If you don’t like the new fees and other things that banks will soon be testing as they grapple with their new economic reality, then make some noise. Send a note to me at rlieber@nytimes.com, so I can write about the latest foolishness — or consumer-friendly twist. At the very least, all of our complaints to the higher-ups at the banks may help persuade the companies to head in another direction.
“Work your way up the chain,” said Dennis C. Moroney, research director for bank cards at TowerGroup, a MasterCard-owned financial services consultant. After all, it may cost less to appease you than it would to replace you.

A boost to consumers?
The Biggest Stimulus Won’t Come from Obama – Randall Forsyth, Barron’s
THE BIGGEST STIMULUS to the economy in the next 12 months won’t come from the Obama administration’s vaunted fiscal plans but from the rather arcane operations of the Federal Reserve.

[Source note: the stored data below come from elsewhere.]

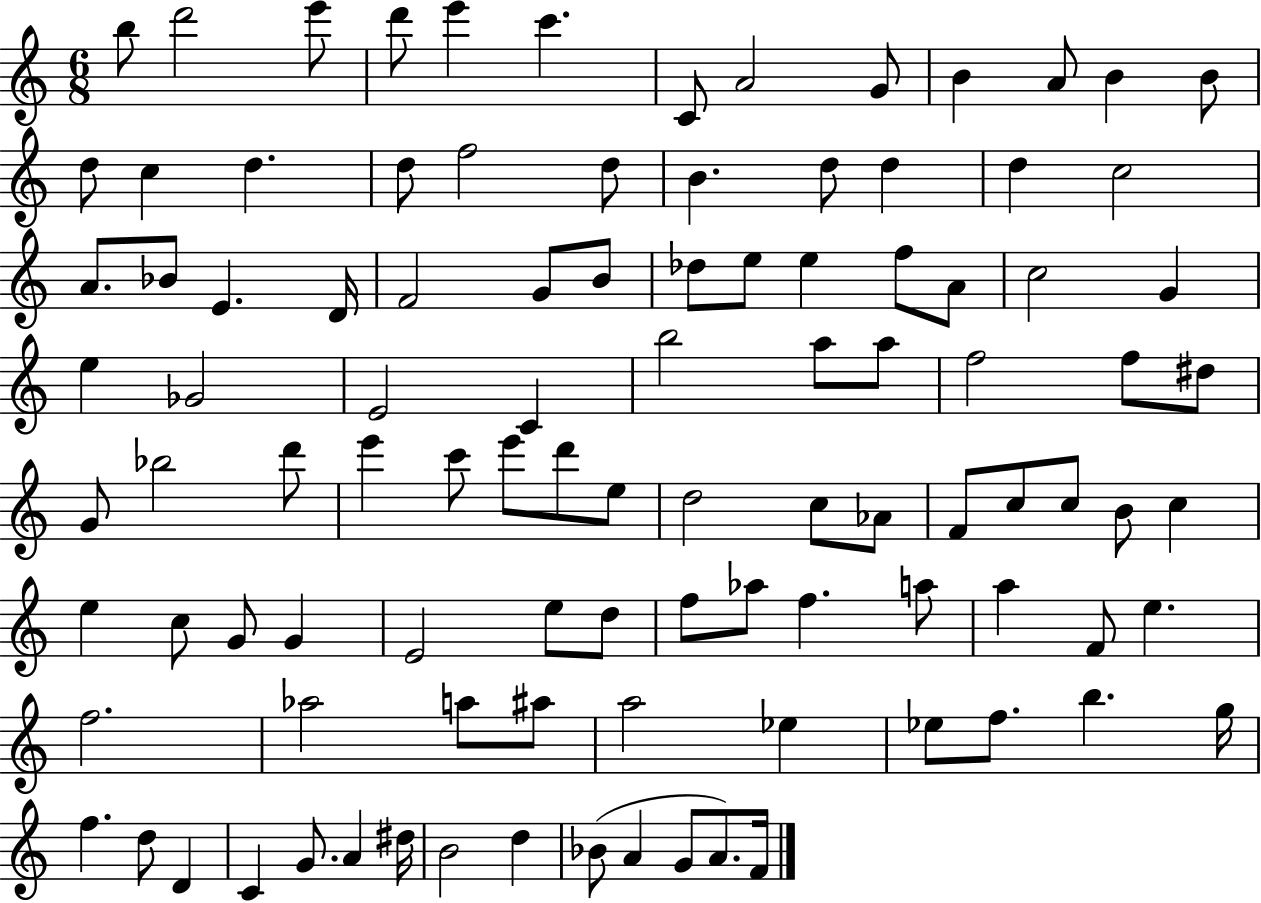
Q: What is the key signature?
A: C major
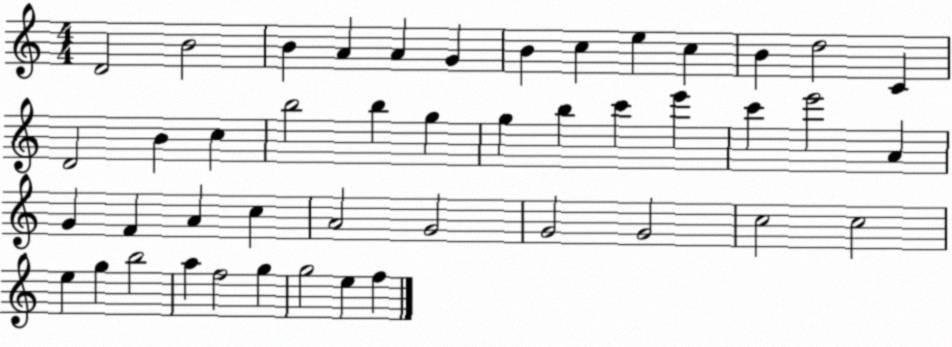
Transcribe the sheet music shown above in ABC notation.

X:1
T:Untitled
M:4/4
L:1/4
K:C
D2 B2 B A A G B c e c B d2 C D2 B c b2 b g g b c' e' c' e'2 A G F A c A2 G2 G2 G2 c2 c2 e g b2 a f2 g g2 e f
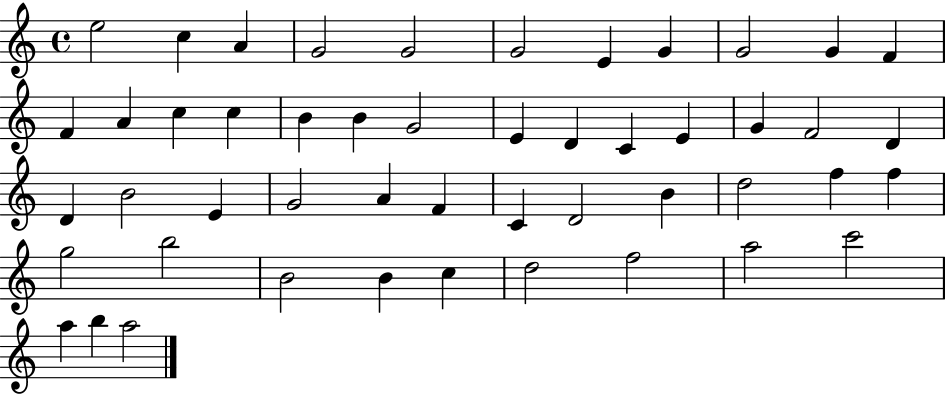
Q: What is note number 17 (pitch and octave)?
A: B4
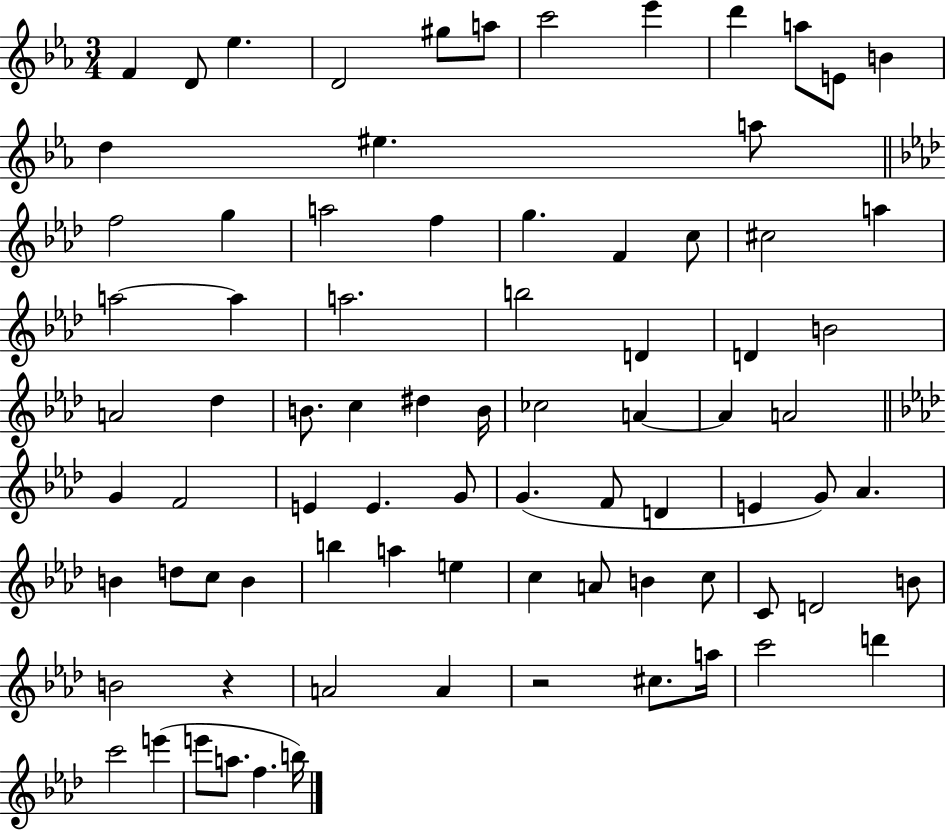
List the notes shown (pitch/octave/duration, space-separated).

F4/q D4/e Eb5/q. D4/h G#5/e A5/e C6/h Eb6/q D6/q A5/e E4/e B4/q D5/q EIS5/q. A5/e F5/h G5/q A5/h F5/q G5/q. F4/q C5/e C#5/h A5/q A5/h A5/q A5/h. B5/h D4/q D4/q B4/h A4/h Db5/q B4/e. C5/q D#5/q B4/s CES5/h A4/q A4/q A4/h G4/q F4/h E4/q E4/q. G4/e G4/q. F4/e D4/q E4/q G4/e Ab4/q. B4/q D5/e C5/e B4/q B5/q A5/q E5/q C5/q A4/e B4/q C5/e C4/e D4/h B4/e B4/h R/q A4/h A4/q R/h C#5/e. A5/s C6/h D6/q C6/h E6/q E6/e A5/e. F5/q. B5/s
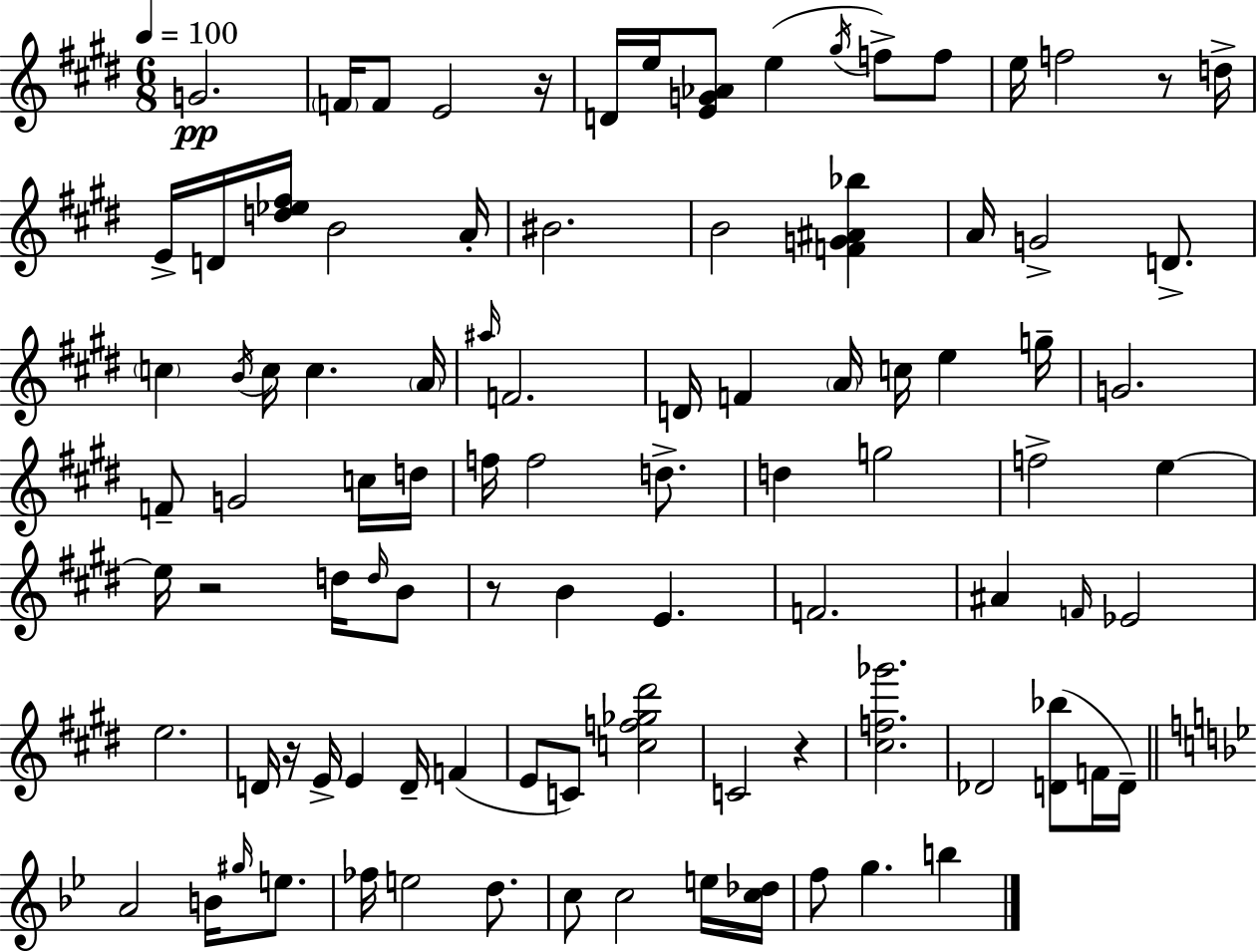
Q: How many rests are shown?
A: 6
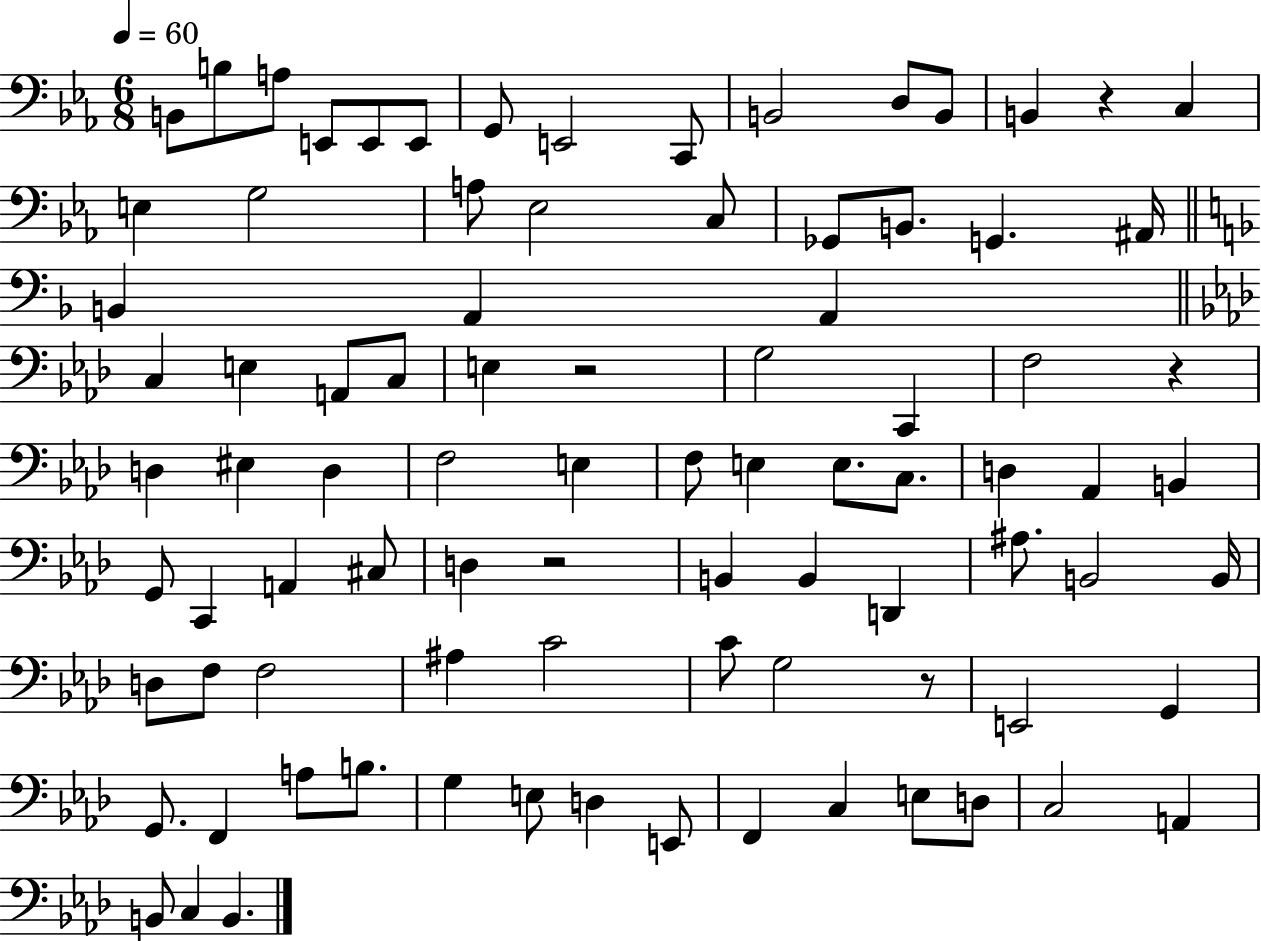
{
  \clef bass
  \numericTimeSignature
  \time 6/8
  \key ees \major
  \tempo 4 = 60
  b,8 b8 a8 e,8 e,8 e,8 | g,8 e,2 c,8 | b,2 d8 b,8 | b,4 r4 c4 | \break e4 g2 | a8 ees2 c8 | ges,8 b,8. g,4. ais,16 | \bar "||" \break \key f \major b,4 a,4 a,4 | \bar "||" \break \key aes \major c4 e4 a,8 c8 | e4 r2 | g2 c,4 | f2 r4 | \break d4 eis4 d4 | f2 e4 | f8 e4 e8. c8. | d4 aes,4 b,4 | \break g,8 c,4 a,4 cis8 | d4 r2 | b,4 b,4 d,4 | ais8. b,2 b,16 | \break d8 f8 f2 | ais4 c'2 | c'8 g2 r8 | e,2 g,4 | \break g,8. f,4 a8 b8. | g4 e8 d4 e,8 | f,4 c4 e8 d8 | c2 a,4 | \break b,8 c4 b,4. | \bar "|."
}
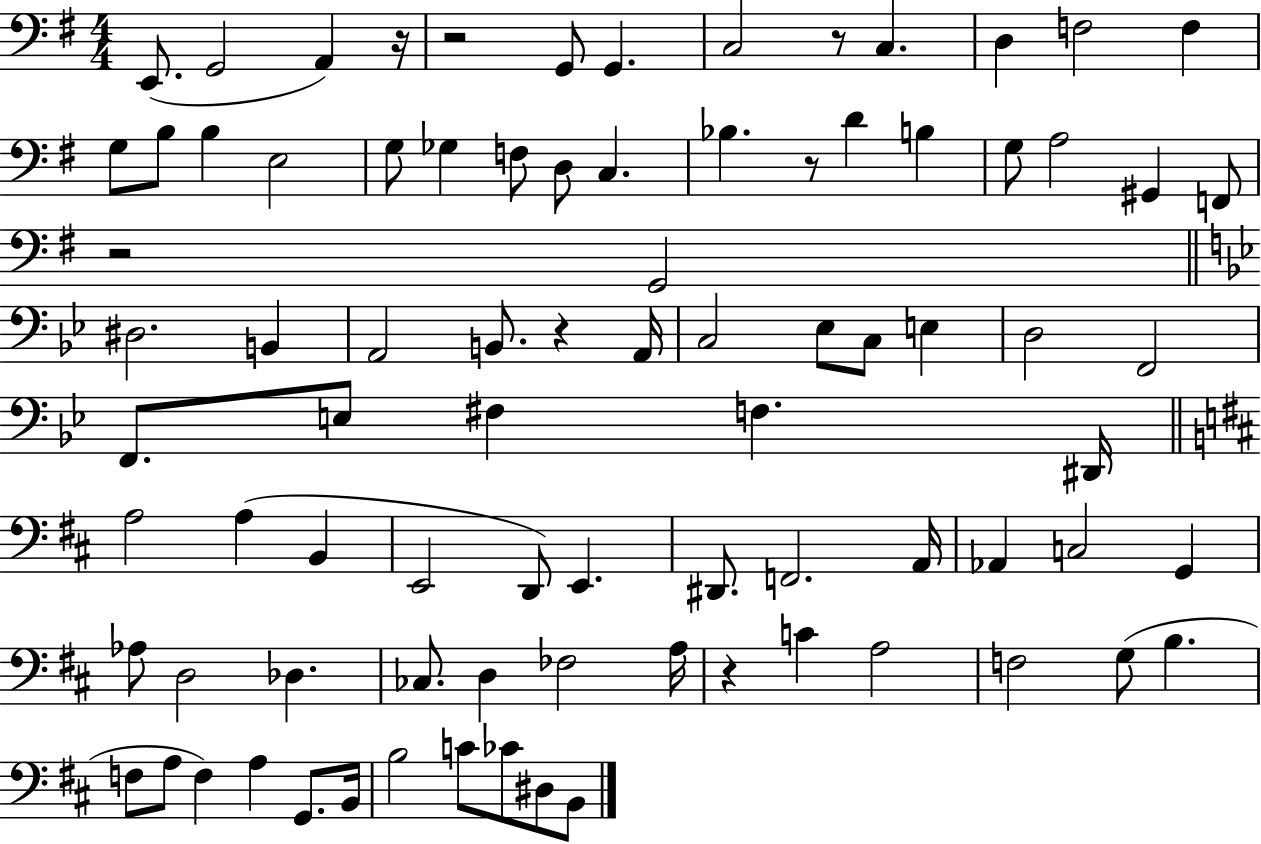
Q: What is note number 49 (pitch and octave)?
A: E2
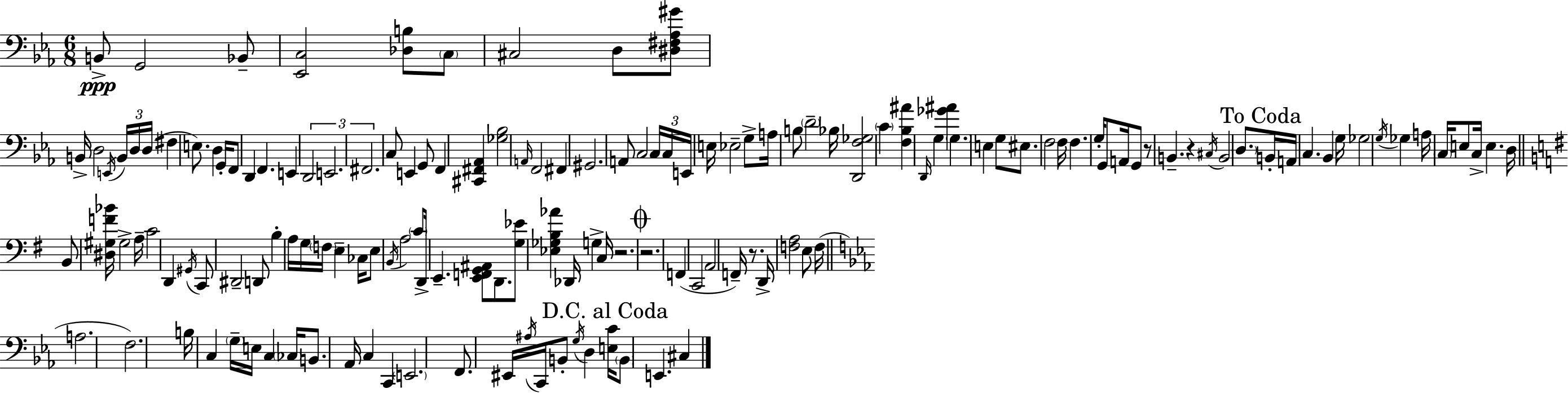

David Greenlaw, chief fixed-income economist at Morgan Stanley, estimates that mortgage refinancings will put nearly twice as much money in the pockets of U.S. consumers as the fiscal stimulus over the next 12 months.
Meanwhile, the slowing of the wealth losses of Americans will also be a major swing factor over the next year, he estimates.
The rebound in prices of equities and corporate and municipal bonds, along with the deceleration in house-price declines, owe much to the Fed’s massive provision of liquidity, along with the federal government’s efforts to shore up the financial system.
But incomes will continue to fall as employment declines, albeit at a slightly slower rate. Net-net, various factors affecting consumers’ spending power should be slightly in the black in the next 12 months, a reversal from the deep negative over the last year, according to the Morgan Stanley economist’s projections.
In assessing the consumer, Greenlaw estimates that job losses drained some $250 billion from consumers’ wallets over the past 12 months. Even more severe was the drop of $400 billion from the loss of wealth from the decimation of securities and property values.
The decline in energy prices was equal to a $150 billion boost to consumers’ purchasing power, according to Greenlaw’s sums. But that didn’t come close to offsetting the hit to their income from job losses or drop in wealth.
That helps demonstrate the silliness of the notion that falling energy and commodity prices would rescue the economy last year when that deflation was the result of the same credit collapse that produced massive job cuts and wealth losses.
Be that as it may, Greenlaw estimates mortgage refinancings and tax refunds kicked in $25 billion each in the last 12 months. Unemployment benefits provided consumers an additional $60 billion. Bottom line: he reckons the net effect of all these factors was a $390 billion loss of spending power for U.S. consumers in the past 12 months.
Looking ahead, the economist forecasts job losses will drain $175 billion from consumers’ purchasing power while wealth losses will deduct $80 billion over the next 12 months. The latter is based on the assumptions stock prices will be flat while house prices drop another 10%.
Unemployment benefits will add $75 billion over the next 12 months while fiscal stimulus will provide $65 billion, according to Greenlaw’s estimates.
But mortgage refinancings will nearly equal impact of those fiscal boosts, totaling some $125 billion of increased purchasing power, according to his projections. That’s based on relatively conservative assumptions about who can actually take advantage of the decline in conforming mortgage rates, from an average of over 6% to the high 4% range.
Significantly, Greenlaw is not assuming that homeowners with all sorts of wacky, aggressive subprime loans are suddenly going to get safe, conforming, Ozzie-and- Harriet-style fixed-rate mortgages. He assumes many of the latter cohort will be able to take advantage of current, historically low fixed rates. But not everybody, given the stringent terms being imposed by lenders these days, as evidenced in the Fed’s most recent loan-officer survey.
Greenlaw says this boost to consumers is consistent with the Fed’s objectives in bringing down mortgage rates via its program to purchase Treasury and agency obligations and mortgage-backed securities.